> Supplied data:
+---+
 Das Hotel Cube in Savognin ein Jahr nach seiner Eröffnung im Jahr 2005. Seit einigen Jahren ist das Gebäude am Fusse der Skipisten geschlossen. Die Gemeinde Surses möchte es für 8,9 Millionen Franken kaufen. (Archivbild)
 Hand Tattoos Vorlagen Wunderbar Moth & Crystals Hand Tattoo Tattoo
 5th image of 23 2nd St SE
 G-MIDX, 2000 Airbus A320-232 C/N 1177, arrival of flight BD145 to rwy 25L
+---+
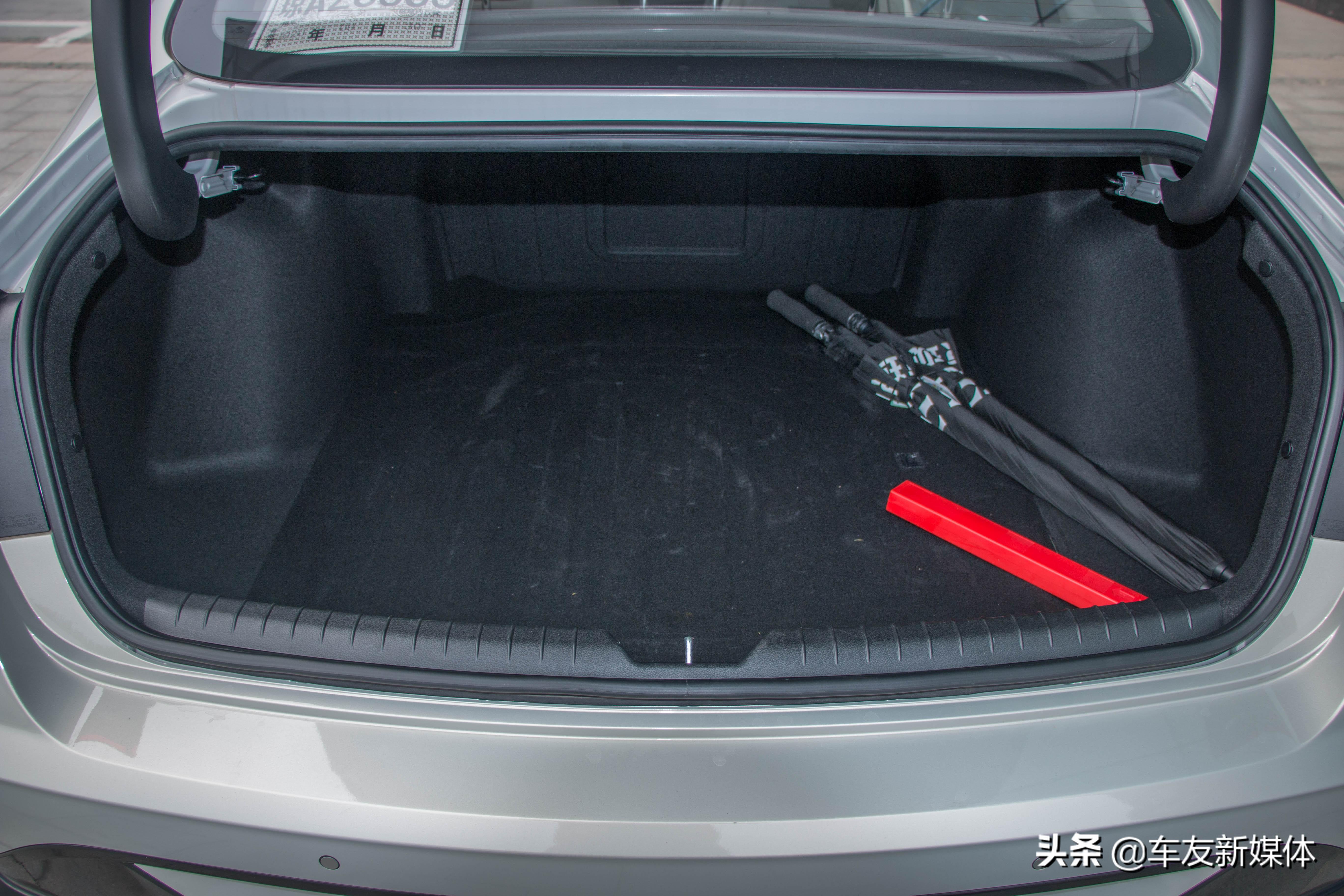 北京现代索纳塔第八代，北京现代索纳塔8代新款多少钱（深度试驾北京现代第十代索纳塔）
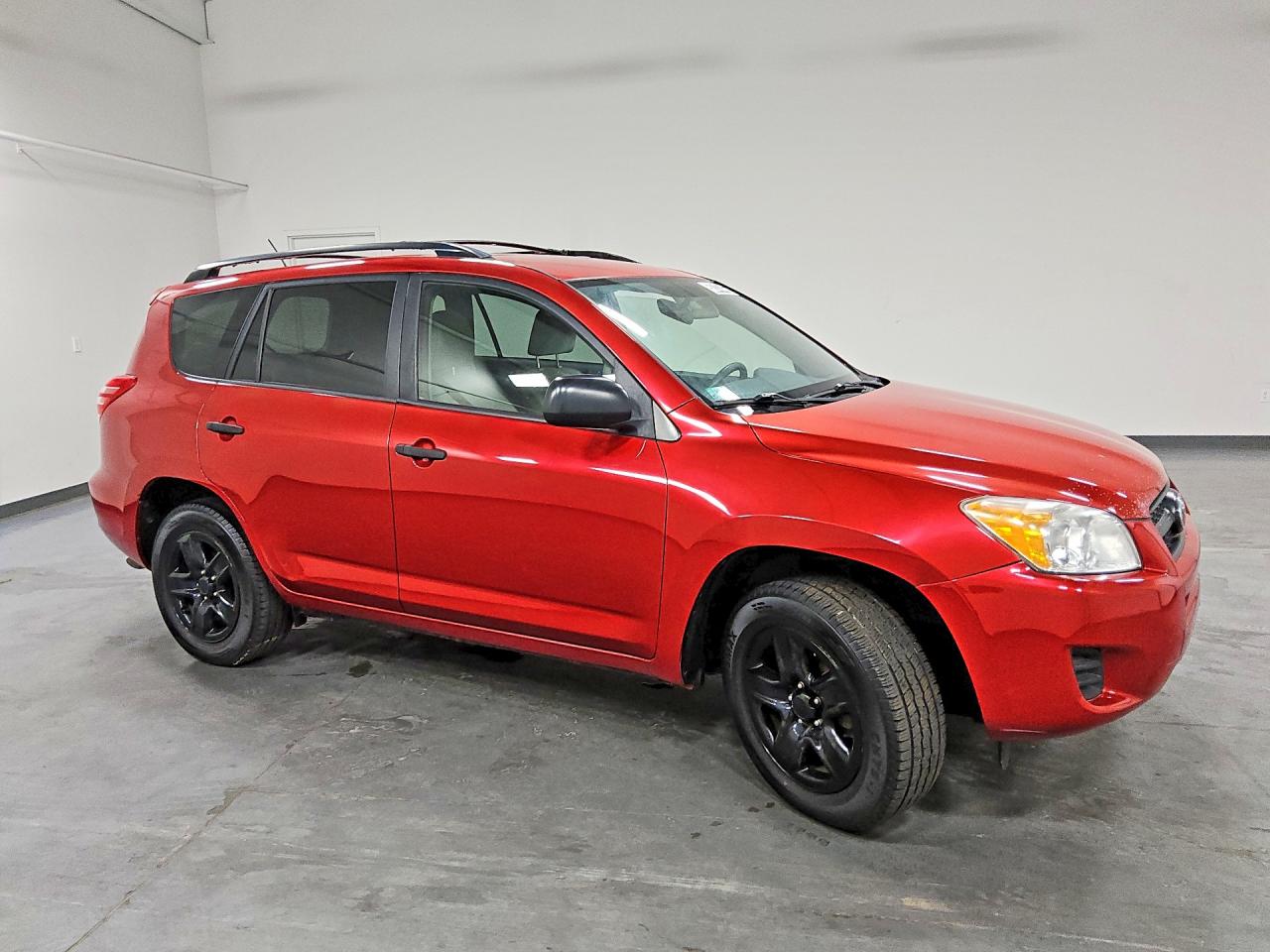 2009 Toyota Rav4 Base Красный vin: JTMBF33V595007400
+---+
> About this task: Repeat, word for word, the lines above between the line holding "Das Hotel Cube" and the line holding "5th image of 23 2nd St SE", inclusive; omit everything else.

> Written answer:
 Das Hotel Cube in Savognin ein Jahr nach seiner Eröffnung im Jahr 2005. Seit einigen Jahren ist das Gebäude am Fusse der Skipisten geschlossen. Die Gemeinde Surses möchte es für 8,9 Millionen Franken kaufen. (Archivbild)
 Hand Tattoos Vorlagen Wunderbar Moth & Crystals Hand Tattoo Tattoo
 5th image of 23 2nd St SE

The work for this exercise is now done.